Wonderful DOF of field on these, Ben.
First is nice. Not sure about the ideal crop but I dont think the 50/50 horizon split works to add anything.
For the others, I feel more contained in the meadow, enveloped by the wildflowers, esp in 3 and 4. It evokes many pleasant feelings and is added by the more pano crops and more on top, in the sky. 3 is my favorite. A beauty. Second feels like you are trying too include too much. Greens might be a bit too saturated but overall the colors feel realistic and the sky seems right.
BTW, I suspect your camera is level, knowing that precision is your goal and forte. But I wonder about a slightly less tilted meadow for aesthetics.
Scott
Thanks Scott, I really appreciate the feedback. After watching the tutorial Karen posted, the one thing I am not doing is tilting my camera. I could have used the 17TSE here, but I have trouble focusing so I reach for an AF lens first.
But it occurs to me that the TSE only allows moving up or down while keeping it level. If I tilt the camera, I get perspective issues again. ( I know these images do not really have any). But I need to experiment and maybe tilting the camera compresses the height and allows getting all the elements in with a different horizon.
On the first, I never even thought about the centered horizon, I never see them unless I force myself to look for them. It was early and I was just getting myself adjusted to the scenes. The rest were taken from the far edge of that field in the first but looking toward the camera position of the first..
On 2, I only included it here as cropped because of that pink cloud upper right. I have a hard time losing precious color.
3 is also my favorite and I often crop to 16x9, in fact I have a few frames that take 16x9 aspect.

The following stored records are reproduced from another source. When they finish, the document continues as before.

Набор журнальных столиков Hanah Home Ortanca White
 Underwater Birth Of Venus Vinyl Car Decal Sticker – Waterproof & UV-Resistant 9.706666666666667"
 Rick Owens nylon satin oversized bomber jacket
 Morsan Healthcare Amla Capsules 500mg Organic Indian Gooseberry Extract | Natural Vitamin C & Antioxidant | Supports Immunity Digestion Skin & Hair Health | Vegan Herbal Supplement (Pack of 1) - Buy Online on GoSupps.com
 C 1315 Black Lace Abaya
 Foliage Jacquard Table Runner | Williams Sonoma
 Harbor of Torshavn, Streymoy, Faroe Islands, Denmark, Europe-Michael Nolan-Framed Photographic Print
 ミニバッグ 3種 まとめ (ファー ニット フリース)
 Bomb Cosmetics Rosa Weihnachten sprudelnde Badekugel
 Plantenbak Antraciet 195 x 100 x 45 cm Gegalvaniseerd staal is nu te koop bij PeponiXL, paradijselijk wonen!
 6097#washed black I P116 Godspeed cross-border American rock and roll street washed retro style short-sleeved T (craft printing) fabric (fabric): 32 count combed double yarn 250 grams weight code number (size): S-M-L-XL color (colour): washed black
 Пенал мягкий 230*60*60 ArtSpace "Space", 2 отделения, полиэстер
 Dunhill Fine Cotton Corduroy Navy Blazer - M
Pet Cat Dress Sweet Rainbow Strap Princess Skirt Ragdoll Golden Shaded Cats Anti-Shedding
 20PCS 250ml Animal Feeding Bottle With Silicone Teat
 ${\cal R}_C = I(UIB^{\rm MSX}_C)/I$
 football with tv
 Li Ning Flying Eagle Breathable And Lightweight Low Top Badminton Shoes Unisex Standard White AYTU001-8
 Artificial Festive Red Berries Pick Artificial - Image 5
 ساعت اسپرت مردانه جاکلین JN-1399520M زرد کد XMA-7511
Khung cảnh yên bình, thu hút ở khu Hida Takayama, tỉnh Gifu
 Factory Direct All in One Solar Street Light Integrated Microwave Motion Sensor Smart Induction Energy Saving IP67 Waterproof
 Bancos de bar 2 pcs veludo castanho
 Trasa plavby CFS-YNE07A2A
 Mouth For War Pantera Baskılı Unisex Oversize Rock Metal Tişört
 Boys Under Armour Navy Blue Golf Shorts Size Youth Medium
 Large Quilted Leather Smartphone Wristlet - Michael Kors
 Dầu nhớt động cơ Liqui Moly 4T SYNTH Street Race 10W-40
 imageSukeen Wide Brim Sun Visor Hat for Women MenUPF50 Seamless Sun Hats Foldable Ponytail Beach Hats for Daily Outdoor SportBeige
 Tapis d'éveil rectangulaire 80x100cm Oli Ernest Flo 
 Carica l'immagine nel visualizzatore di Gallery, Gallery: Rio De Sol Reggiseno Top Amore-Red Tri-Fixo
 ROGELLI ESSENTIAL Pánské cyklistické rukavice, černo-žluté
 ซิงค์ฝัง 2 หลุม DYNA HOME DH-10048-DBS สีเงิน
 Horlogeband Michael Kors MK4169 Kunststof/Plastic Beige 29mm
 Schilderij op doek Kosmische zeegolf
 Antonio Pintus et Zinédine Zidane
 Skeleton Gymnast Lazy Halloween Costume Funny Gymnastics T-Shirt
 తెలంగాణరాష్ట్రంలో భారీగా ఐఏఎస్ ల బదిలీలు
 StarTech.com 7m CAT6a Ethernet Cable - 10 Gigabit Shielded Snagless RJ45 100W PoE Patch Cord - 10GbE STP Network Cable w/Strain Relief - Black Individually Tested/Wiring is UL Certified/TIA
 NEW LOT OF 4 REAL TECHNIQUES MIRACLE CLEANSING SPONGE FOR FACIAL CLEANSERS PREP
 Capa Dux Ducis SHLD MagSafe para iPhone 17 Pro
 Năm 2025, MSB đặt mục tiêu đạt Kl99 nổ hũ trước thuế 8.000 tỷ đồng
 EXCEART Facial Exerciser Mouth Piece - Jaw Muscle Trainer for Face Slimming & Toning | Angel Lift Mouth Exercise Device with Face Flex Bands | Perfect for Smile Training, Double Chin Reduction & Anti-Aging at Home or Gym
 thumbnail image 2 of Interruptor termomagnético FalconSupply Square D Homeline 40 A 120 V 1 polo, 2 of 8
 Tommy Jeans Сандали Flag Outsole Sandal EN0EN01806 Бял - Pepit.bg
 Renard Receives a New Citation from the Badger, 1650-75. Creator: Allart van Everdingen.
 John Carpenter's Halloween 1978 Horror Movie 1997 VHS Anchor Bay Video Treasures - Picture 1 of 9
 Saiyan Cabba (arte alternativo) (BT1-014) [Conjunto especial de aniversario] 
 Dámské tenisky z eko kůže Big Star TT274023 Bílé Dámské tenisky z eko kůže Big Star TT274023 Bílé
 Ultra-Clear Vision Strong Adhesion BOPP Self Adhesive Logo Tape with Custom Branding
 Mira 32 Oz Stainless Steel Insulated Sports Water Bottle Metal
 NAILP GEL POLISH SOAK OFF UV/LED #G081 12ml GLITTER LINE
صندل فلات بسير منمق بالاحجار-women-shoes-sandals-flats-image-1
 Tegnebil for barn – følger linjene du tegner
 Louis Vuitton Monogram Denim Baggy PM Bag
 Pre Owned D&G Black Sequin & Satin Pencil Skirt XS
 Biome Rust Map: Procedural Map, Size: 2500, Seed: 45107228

I only show 4 because it had a bit more color. But the story of course is the meadow. I was here (nearby) 5 nights back and had a moose walk though my scene. I got a sunset then too, but the flowers were pretty scant. I may show that shot another time.
I have some less tilted meadows from another day. Same scene as the first. I will add it here. Tell me what you think.
Edit, I just reread this and I think you meant to level the meadow line (raise it on the right side). I thought you meant tilt the lens downward to change change the perceived slope of the meadow.
Thanks Ben; created a tutorial on how to create Gursky's at link below (for the field, I just used a gradient instead of the horizontal blur technique). Of course, I had to split the sky (should have tried better w/ making the sky more varied) and flower field running Resynthesizer yet again to heal the transparent boundary when I merged the too.
Thanks, so resynthesizer is a plug-in? Or is it a stand alone? I am probably too much of a realist to do this but I do appreciate you taking the time to render my images and show me some alternatives. Always feel free to modify any image I post.
Thanks Ben. Resynthesizer is a GIMP plugin that you have to download separately since it does not come pre-packaged with GIMP. It's only recently been upgraded (a little faster) but still is way too slow (took, I would say, around 10 minutes to render the lillies in your case). Still, beats cloning/merging my 1000 miles. lol
If you have GIMP and Python installed (believe the newest versions of GIMP includes Python finally), you can get Resynthesizer from link below (original Resynthesizer does not require Python and it still works by the way; I keep both versions since the original, though even slower, does a better job at seamless merging for certain types of results).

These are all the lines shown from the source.